Les processus décisionnels des entreprises divergent suivant leur taille : les GE se reposent sur les salons à l'étranger et en France, sur Internet et les relations professionnelles, auxquelles on peut ajouter les conseils reçus des fournisseurs, des autres acteurs du marché et des maisons mères également pour les filiales. Les PME recourent en dehors des salons, quand elles ont les moyens d'y aller, à Internet et à leur réseau professionnel et personnel.

Les différences majeures entre PME et GE tiennent plus au périmètre d'approvisionnement qu'au volume d'achat. Les PME ont moins de bureaux de sourcing à l'étranger et font moins d'achats directs à l'étranger que les GE. L'accès aux informations est plus restreint pour les PME. Pour les retours d'expériences et le degré de (in)satisfaction, la taille de l'entreprise importe peu.

Pierre Jarniat a expliqué la stratégie adoptée par le groupe Salomon en matière de sourcing international, pour concilier réseaux économiques et protection de ses innovations produits et process. Salomon fait partie du groupe Amer Sports, numéro un mondial de l’équipement du sport (CA : 1,9 milliard d'€, 7 100 employés à travers le monde) dont le siège social est basé à Helsinki, en Finlande. Salomon est une entreprise historiquement exportatrice (+ 90 % depuis plus de 35 ans). L’innovation y est à la fois un moteur de croissance et une condition de survie. L’externalisation industrielle est forte : de 50 % en 1990, elle est passée à 98 % en 2010. Conséquence logique : les achats sont de plus en plus internationaux. Les phases essentielles du processus (spécifier, construire et produire) ont évolué : la part interne de la production et de la construction a fortement régressé, tandis que la part de la spécification s’est maintenue. Maîtrise et délégation ont pris une part grandissante dans la production et la construction. Les ressources humaines sont désormais concentrées sur des tâches stratégiques orchestrées au sein du design center, qui réunit en un seul endroit toutes les équipes du marketing, design, bureau d’études, évaluation des achats, industrialisation, ateliers pilotes des activités Salomon et Mavic (marque du groupe), soit plus de 750 personnes. Le design center est chargé d’articuler expertise métiers et transversalité. Tous les métiers du développement produits (marketing, design, BE, évaluation de la qualité) sont ainsi recentrés sur une seule unité pour toutes les activités (synergie, cross fertilisation, etc.). Le travail en groupe projets (BE, industrie, achats) favorise l’analyse de la valeur en conception. L’engineering se fait de façon simultanée (produits, process). Au sein des plateaux projets, les matériaux et les process sont mis au point en même temps que les produits. Ces derniers sont validés industriellement avant transfert dans les réseaux de production grâce à l’atelier pilote.

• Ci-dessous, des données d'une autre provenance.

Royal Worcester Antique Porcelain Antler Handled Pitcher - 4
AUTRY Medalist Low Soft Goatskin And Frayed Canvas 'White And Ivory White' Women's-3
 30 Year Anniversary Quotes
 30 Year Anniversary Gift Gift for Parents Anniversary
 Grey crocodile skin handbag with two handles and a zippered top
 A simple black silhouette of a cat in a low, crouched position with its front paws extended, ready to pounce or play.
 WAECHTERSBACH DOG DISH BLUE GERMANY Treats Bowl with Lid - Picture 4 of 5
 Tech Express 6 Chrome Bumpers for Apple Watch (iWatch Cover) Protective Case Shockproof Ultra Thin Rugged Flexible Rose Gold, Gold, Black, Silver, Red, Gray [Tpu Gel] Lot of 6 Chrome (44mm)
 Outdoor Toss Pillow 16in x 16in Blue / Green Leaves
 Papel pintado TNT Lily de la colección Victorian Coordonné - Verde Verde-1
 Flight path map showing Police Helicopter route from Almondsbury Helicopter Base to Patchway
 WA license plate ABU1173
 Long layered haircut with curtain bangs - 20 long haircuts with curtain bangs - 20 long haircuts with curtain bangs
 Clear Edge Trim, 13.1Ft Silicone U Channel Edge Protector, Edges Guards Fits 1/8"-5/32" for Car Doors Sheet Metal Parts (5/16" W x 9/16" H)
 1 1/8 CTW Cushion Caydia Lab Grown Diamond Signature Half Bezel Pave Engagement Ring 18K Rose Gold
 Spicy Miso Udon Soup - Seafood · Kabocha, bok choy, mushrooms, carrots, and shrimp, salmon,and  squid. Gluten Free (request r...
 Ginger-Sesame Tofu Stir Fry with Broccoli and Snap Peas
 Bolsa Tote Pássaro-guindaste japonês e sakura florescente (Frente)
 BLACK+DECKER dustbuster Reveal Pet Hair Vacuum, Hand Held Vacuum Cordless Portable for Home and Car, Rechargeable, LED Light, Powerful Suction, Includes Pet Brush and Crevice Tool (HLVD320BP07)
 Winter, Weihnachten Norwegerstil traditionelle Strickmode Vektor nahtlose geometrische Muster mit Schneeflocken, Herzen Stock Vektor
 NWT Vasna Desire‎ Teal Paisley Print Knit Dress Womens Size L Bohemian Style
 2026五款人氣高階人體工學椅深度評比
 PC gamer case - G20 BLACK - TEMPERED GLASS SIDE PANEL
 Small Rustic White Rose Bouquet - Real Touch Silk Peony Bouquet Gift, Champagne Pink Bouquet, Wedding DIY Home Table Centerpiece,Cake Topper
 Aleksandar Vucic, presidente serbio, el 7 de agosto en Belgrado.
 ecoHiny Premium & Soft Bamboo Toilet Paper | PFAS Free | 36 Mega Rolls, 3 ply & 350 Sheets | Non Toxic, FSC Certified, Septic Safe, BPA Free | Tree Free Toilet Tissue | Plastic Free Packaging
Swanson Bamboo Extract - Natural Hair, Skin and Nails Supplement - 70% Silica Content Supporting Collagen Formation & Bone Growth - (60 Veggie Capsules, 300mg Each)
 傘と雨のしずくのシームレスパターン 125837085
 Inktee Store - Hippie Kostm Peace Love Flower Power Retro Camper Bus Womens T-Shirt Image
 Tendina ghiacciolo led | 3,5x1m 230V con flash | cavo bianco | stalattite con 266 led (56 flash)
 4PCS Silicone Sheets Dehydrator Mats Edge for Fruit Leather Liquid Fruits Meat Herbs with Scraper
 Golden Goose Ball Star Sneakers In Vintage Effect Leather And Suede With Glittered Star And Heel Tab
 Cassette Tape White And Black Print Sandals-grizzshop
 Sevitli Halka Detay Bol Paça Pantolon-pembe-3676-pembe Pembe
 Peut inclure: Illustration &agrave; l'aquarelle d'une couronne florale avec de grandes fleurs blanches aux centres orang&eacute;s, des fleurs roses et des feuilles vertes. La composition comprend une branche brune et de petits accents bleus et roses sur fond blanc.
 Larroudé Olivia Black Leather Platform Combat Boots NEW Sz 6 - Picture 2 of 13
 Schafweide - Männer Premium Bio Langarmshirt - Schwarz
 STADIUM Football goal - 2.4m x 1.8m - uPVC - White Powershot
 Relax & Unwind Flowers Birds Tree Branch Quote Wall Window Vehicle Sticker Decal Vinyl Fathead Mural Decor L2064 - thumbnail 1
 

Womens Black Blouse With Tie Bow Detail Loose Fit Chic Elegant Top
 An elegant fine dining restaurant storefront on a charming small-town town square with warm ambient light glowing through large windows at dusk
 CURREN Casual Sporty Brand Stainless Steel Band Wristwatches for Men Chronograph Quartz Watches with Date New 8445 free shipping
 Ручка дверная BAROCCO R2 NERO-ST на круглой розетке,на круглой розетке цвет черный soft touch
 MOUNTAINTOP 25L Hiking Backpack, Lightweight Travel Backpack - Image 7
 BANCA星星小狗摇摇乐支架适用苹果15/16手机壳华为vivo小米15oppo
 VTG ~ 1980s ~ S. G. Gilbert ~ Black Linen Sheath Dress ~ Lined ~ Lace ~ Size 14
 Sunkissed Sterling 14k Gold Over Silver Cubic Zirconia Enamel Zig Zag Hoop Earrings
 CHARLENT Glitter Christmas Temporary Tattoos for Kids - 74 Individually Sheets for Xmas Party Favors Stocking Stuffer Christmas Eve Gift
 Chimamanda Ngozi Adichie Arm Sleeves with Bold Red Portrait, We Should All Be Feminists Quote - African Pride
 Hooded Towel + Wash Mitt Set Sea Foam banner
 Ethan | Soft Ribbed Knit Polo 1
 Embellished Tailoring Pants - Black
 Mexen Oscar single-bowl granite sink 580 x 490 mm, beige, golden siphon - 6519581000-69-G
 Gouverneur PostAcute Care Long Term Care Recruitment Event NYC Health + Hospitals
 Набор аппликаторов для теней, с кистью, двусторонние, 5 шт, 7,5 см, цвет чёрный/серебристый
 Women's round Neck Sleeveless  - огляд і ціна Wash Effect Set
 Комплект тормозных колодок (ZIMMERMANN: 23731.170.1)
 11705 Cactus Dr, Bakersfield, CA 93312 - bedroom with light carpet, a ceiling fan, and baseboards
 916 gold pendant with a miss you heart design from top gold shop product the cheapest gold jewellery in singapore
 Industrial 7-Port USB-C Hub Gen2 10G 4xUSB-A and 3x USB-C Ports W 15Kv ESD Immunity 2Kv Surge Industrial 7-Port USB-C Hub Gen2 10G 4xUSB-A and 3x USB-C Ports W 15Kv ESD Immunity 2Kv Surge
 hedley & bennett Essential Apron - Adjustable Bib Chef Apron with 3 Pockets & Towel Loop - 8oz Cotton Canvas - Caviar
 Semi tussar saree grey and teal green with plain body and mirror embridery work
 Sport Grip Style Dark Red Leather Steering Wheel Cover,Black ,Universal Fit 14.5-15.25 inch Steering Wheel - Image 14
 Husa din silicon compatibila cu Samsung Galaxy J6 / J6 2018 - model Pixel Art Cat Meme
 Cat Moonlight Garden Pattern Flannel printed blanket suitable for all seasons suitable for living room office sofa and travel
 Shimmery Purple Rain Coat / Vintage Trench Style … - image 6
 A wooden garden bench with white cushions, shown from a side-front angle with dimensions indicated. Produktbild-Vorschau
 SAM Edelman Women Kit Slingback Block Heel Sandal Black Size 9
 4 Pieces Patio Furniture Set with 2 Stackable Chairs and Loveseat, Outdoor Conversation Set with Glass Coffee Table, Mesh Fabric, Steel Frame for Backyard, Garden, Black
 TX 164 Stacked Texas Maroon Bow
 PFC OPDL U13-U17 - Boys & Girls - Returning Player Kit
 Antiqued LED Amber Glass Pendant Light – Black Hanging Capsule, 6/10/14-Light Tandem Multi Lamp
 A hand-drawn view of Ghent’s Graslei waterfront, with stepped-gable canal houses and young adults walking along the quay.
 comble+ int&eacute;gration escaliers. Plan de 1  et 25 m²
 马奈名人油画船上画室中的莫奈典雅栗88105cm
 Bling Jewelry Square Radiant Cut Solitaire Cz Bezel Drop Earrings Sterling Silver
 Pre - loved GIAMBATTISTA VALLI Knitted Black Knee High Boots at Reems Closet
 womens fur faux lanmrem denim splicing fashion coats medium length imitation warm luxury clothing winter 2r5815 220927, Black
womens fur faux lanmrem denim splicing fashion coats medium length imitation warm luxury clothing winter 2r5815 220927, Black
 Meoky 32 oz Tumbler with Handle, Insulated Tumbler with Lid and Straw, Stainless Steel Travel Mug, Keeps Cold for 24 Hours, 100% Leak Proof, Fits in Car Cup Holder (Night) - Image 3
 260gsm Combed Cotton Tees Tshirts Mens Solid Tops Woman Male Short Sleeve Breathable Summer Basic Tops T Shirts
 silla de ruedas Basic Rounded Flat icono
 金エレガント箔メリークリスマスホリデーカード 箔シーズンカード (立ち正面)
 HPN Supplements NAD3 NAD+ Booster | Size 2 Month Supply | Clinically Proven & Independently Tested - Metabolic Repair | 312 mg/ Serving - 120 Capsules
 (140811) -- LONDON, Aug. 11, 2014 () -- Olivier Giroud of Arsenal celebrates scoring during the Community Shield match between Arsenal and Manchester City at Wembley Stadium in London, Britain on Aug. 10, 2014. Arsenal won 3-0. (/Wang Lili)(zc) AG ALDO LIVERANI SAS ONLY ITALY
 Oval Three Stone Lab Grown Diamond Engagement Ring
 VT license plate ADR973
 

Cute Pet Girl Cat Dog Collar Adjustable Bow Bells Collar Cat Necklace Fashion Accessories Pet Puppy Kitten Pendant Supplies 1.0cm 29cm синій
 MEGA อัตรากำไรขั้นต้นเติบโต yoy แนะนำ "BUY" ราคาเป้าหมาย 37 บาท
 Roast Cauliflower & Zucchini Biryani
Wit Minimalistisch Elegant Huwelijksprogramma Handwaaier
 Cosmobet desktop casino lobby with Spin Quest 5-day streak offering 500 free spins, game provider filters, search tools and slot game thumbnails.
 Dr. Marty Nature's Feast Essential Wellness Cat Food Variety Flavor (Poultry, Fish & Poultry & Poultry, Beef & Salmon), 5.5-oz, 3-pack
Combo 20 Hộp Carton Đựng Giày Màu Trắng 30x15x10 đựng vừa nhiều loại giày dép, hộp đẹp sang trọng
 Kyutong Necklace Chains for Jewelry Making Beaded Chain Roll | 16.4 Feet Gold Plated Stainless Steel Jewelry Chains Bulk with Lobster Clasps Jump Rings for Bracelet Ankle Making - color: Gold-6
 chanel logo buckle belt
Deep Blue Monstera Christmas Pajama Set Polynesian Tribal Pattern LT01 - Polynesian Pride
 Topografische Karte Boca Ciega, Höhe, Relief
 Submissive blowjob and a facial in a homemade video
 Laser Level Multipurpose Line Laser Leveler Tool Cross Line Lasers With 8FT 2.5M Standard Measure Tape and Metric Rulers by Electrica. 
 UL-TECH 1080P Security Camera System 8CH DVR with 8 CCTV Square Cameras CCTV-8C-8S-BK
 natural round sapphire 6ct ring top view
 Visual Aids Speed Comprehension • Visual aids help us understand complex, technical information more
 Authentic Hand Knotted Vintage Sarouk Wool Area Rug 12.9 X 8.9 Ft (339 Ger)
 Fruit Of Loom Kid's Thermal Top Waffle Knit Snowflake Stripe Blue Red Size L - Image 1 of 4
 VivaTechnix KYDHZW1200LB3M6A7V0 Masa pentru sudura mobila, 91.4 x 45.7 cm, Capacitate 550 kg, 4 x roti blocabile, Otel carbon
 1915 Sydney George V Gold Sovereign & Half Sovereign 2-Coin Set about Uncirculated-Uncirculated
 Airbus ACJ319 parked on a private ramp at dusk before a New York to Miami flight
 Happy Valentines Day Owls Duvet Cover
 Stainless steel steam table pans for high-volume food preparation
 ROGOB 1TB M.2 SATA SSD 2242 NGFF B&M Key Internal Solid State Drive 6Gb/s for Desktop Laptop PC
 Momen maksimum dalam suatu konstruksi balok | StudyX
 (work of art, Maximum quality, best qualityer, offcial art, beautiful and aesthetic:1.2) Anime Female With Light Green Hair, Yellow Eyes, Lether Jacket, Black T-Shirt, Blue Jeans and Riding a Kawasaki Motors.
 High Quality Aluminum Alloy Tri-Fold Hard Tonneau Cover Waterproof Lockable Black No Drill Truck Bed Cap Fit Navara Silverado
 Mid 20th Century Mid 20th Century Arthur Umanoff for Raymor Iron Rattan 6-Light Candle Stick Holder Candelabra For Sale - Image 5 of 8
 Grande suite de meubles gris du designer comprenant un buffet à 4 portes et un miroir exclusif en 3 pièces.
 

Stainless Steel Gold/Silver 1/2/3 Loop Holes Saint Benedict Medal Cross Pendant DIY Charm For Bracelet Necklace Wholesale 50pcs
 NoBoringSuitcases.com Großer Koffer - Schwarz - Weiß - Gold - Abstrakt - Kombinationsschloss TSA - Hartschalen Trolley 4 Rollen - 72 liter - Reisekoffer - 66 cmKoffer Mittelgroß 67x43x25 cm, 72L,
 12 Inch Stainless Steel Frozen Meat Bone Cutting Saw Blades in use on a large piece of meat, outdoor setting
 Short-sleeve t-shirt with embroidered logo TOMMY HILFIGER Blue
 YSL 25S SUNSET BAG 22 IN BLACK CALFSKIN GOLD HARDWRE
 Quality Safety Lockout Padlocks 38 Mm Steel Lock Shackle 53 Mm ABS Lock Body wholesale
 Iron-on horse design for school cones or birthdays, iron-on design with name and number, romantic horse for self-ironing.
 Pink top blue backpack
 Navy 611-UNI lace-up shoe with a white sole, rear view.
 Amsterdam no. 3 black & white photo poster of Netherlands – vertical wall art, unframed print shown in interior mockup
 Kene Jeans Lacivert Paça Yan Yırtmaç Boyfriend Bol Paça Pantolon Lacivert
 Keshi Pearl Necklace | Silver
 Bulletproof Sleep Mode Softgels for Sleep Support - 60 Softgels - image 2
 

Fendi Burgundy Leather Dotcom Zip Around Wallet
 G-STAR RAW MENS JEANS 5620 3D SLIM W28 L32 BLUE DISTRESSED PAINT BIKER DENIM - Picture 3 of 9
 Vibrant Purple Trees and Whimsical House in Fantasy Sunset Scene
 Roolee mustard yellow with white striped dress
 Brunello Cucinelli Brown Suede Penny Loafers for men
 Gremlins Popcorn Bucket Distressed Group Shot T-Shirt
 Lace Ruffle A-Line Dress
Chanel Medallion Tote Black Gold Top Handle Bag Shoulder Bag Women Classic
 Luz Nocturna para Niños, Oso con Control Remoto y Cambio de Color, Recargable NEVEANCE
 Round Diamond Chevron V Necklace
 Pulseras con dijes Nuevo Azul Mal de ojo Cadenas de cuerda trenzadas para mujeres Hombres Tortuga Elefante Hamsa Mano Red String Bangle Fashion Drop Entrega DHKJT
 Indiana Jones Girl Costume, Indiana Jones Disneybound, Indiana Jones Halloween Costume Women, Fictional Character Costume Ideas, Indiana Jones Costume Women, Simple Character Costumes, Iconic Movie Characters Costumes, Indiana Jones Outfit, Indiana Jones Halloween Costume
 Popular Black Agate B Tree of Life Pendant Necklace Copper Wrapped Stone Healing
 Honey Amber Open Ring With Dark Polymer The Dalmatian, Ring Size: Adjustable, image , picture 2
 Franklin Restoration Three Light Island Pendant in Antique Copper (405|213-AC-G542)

Des unités intégrées (4 % de l’activité industrielle) sont installées en France et en Italie, où Salomon maîtrise l’ensemble du processus (du développement à la livraison). Les lieux des process innovants sont associés à des activités nouvelles. Autre scénario : des relations de sous-traitance ont été instaurées en Europe (42 % de l’activité industrielle) où Salomon garde la maîtrise du développement produits et de la mise au point des matériaux et procédés. Les matières sont fournies aux sous-traitants qui travaillent majoritairement sur des moyens mis à disposition par Salomon. Ces filières économiques permettent de protéger les savoir-faire produits et process. Le sourcing (54 % de l’activité industrielle) se fait surtout en Asie et en Europe. Salomon garde la maîtrise du design, la définition du cahier des charges et la qualification des produits. Le développement produit est soit conservé à 100 %, soit assuré en codéveloppement soit délégué. Le partenaire qui possède un savoir-faire dans le domaine assure l’industrialisation des produits, l’achat des matières et composants et fabrique sur ses propres moyens de production. Le groupe obtient ainsi les meilleurs ratios de rentabilité pour les capitaux engagés dans le cadre de réseaux ouverts très "accessibles".